The external plastering has been done on our new build so its time to start doing internal work. We are getting the chasing done early next week but I am confused as to the order of events thereafter. I assumed internal plastering had to wait until electrics/plumbing/screed done but I am told otherwise. So can someone put it in order for me and include any tasks I haven't got. Its a block build with bead cavity insulation. No dry-lining.

1. Chasing
2. Electric Wiring (first fix?)
3. Fill back of windows with insultion and cememt and install Window  Boards
4. Internal Plastering
5. Put down floor insulation
6. Plumbing (first fix?)
7. Screed flooring
8. Stairs & Doors and other carpentry work
9. Kitchen & Toilets
10. Electrics (second fix)
11.  Plumbing (second fix)

Thanks in advance.


----------



## edenjohnny (17 Jul 2008)

I think you have gone a bit astray, I would be under the impression that you would have the pipes laid under the sub floor(water in, and drainage etc) and running to the outside .  You will now have to chase under the walls(external)  Maybe get expert help, either an engineer or architect .  Who is signing off ?  LOL  E J


----------



## Birroc (17 Jul 2008)

edenjohnny said:


> I think you have gone a bit astray, I would be under the impression that you would have the pipes laid under the sub floor(water in, and drainage etc) and running to the outside . You will now have to chase under the walls(external) Maybe get expert help, either an engineer or architect . Who is signing off ? LOL E J


 
How do you mean ? I already have the plumbing (first fix #6) before the Screed flooring.
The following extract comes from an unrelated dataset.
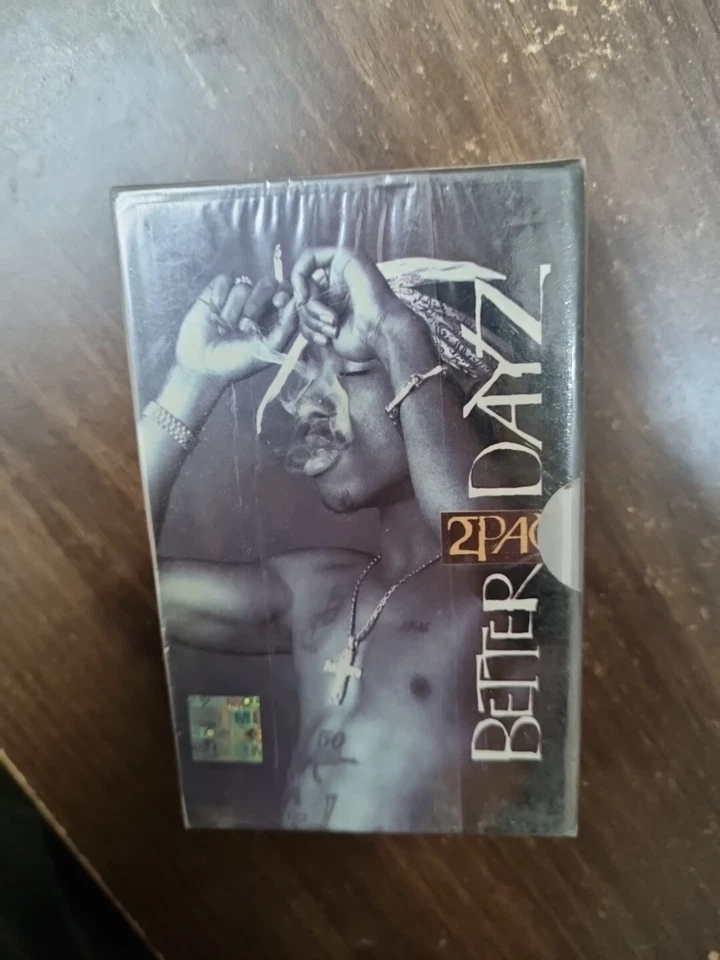 2pac Better Dayz Mint Cassette INDIA - Image 1 of 4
if you are talking about sewer pipes and water mains, yeah they were dont when pouring the foundation raft ages ago...


----------



## csmd (17 Jul 2008)

between 3&4 you need to do first fix carpentry e.g door frames.Also might need to insulate awkward places before slabbing starts


----------



## Sailor (17 Jul 2008)

Before Internal plastering, you would need some plumbing done.
For example pipes chased into walls for WC,s, showers, and possibly basins.


----------



## Clerragh (8 Aug 2008)

Is it a bungalow, dormer, two storey??
You havn't mentioned slabbing the ceilings so I presume this is taken car of. Also the attic insulation will have to be placed.
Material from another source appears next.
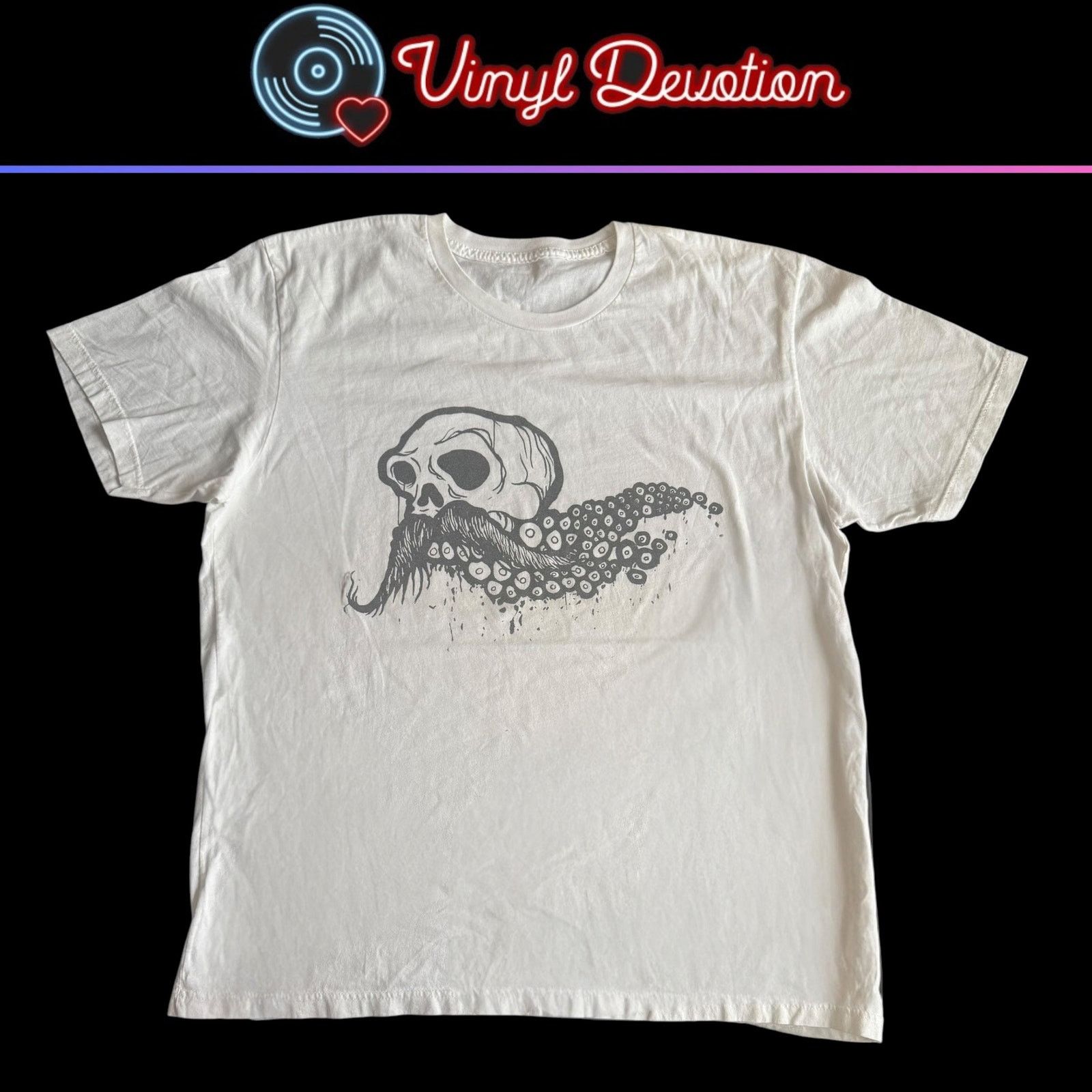 Other Hydra Head x Robotic Empire White Shirt Size XL Aaron Turner Size US XL / EU 56 / 4 - 1 Thumbnail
As for plastering you'd start at the highest point first.
CEILINGS
WALLS
THEN THE SCREED ON FLOOR AS IF IN BEFORE PLASTERED IT WOULD BE DESTROYED WITH MORTAR / SKIM

A


----------



## Hal 2001 (8 Aug 2008)

When you say floor insulation and screed you have a base slab in place did they not insulate under your ground bearing slab? 
If your screeding above the ground floor slab make sure you have enough thickness 75mm+ if this is going on insulation. I would screed it out and finish the floor construction before you start with other trades. It may mean clearing the screed of plaster snots after but your not bringing in wet screed to a plasterboarded area.


----------



## Leo (8 Aug 2008)

Clerragh said:


> ....THEN THE SCREED ON FLOOR AS IF IN BEFORE PLASTERED IT WOULD BE DESTROYED WITH MORTAR / SKIM


 
Shhhh, stop SHOUTING!
Leo


----------



## gally74 (8 Aug 2008)

some people are putting the floors in before the wall plastering given that some of the easy screed floors take a long time to dry


----------



## builder ed (9 Dec 2008)

A friend of mine is doing a self build at the moment and has just put in the floor screed.  He has organised for the kitchen to go in mid january before the heating is turned on or the floor tiled.  I have suggested that he tile the floor first and leave the kitchen and second fix carpentry till the heat is turned on.  Is it risky to put the kitchen in at this stage?


----------



## start (7 May 2010)

Just wondering about the fasica and soffit , where does that come in? We are currently plastering the chimneys and finishing of the slating of the roof . Does that have to be done pretty soonish or can that be left til the very end?


----------